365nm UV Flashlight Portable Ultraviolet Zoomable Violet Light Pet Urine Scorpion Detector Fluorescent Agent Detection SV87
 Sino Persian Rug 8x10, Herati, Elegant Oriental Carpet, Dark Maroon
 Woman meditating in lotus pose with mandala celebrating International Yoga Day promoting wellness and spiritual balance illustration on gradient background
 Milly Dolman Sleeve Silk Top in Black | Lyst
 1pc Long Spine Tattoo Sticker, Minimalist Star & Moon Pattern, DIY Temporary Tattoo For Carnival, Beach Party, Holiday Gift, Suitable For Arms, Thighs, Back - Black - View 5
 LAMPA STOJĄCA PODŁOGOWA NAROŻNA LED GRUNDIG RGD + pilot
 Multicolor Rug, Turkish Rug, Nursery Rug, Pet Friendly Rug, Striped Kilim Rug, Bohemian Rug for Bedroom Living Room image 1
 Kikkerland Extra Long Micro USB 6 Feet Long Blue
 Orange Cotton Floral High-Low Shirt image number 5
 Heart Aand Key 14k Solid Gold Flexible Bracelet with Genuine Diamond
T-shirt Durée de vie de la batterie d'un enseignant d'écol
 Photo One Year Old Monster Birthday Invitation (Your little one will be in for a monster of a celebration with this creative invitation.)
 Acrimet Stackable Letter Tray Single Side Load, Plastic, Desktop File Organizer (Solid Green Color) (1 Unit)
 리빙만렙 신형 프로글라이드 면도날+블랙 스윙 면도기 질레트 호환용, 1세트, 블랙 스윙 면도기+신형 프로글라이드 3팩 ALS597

Work instructions. Give again, word for word, every line from the one holding "Orange Cotton Floral" to the end of the data.

Answer below.
 Orange Cotton Floral High-Low Shirt image number 5
 Heart Aand Key 14k Solid Gold Flexible Bracelet with Genuine Diamond
T-shirt Durée de vie de la batterie d'un enseignant d'écol
 Photo One Year Old Monster Birthday Invitation (Your little one will be in for a monster of a celebration with this creative invitation.)
 Acrimet Stackable Letter Tray Single Side Load, Plastic, Desktop File Organizer (Solid Green Color) (1 Unit)
 리빙만렙 신형 프로글라이드 면도날+블랙 스윙 면도기 질레트 호환용, 1세트, 블랙 스윙 면도기+신형 프로글라이드 3팩 ALS597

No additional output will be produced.